Mubadala acquired Rio de Janeiro subway operators Metrô Rio and Metrô Barra in a deal valued at BRL1.8b (~USD335m).
(Valor) Mubadala, Abu Dhabi’s sovereign wealth fund, took over control on Monday of the Rio de Janeiro Metro, which until now belonged to Invepar, the infrastructure and transport holding controlled by pension funds (Previ, Funcef and Petros).
In the operation, valued at R$1.8 billion, part of Invepar’s debt was exchanged with Mubadala and with the pension funds for shares in Metrô Rio and Metrô Barra, concessionaires that operate the Rio metro system. The control of the two companies now passes to Hmobi, the holding for investments in urban mobility, in which Mubadala holds 51.5%, and the three pension funds, 48.5%.
The operation was celebrated both by Mubadala and by the funds as it allows solving a problem with Invepar’s capital structure. The company had an expensive debt related to the issuing of debentures that were underwritten by the funds and by Mubadala. This debt totals R$2.6 billion, of which R$1.8 billion was involved in the Metrô operation. After the transaction, Invepar’s remaining debt with the company’s shareholders and with Mubadala will be R$800 million. Invepar has other important assets in its portfolio, such as the Guarulhos Airport and BR-040 concessions.
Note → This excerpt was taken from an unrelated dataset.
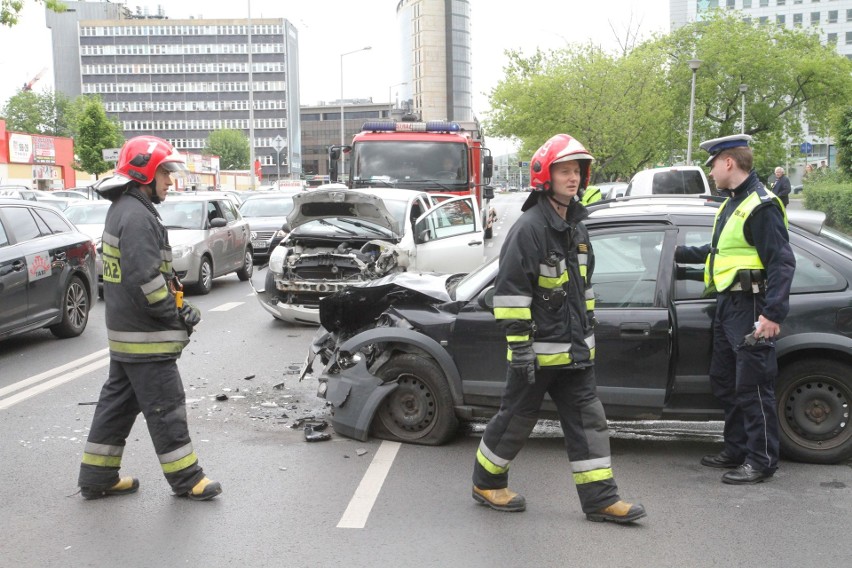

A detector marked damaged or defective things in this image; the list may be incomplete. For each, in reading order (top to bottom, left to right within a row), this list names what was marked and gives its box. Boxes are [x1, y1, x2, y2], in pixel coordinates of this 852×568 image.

crumpled hood [288, 189, 402, 235]
damaged white car [256, 187, 486, 324]
crashed black car [302, 197, 852, 464]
The plan, Valor has learned, is to make Hmobi a platform for investments in urban mobility. It also opens the possibility for the company to go public in the future. The holding will focus on complementary assets and the next concession to be added to the portfolio may be Linha Amarela S.A. (Lamsa), an urban highway in the city of Rio, also owned by Invepar.
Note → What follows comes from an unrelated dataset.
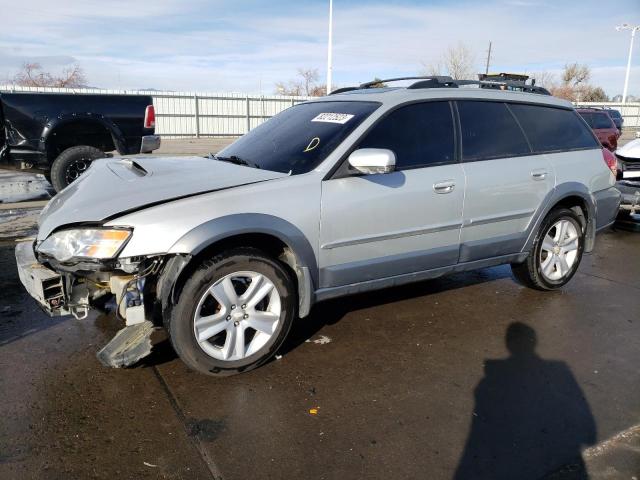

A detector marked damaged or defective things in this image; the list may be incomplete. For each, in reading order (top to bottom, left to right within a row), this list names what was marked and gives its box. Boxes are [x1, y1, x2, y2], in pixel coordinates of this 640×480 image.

If Invepar and Rio’s municipality finally reach an agreement on the concession in a legal dispute that has dragged on for about two years, the control of Lamsa may migrate to Hmobi in another operation to exchange shares for debt, as negotiated with Metrô Rio.
The change in Metrô’s control received the consent of the State government. Metrô Rio and Metrô Barra were subsidiaries of Invepar and become subsidiaries of Hmobi. The Rio metro system extends over 54 kilometers and has three lines and 41 stations. There are two concessions: one for lines 1 and 2, valid until 2038, and another for line 4, which runs until 2036. Line 4 connects the south region of Rio to Barra da Tijuca, in the west region.
Before the pandemic, this system transported 900,000 people a day, a number that dropped by 80% at the beginning of the Covid-19 crisis. Now the drop in passengers is in the range of 45%-50% compared to the pre-pandemic. In 2019, Metrô Rio had revenues of around R$1 billion, a figure that dropped to R$600 million in 2020. EBITDA was around R$500 million in 2019 and was close to zero last year.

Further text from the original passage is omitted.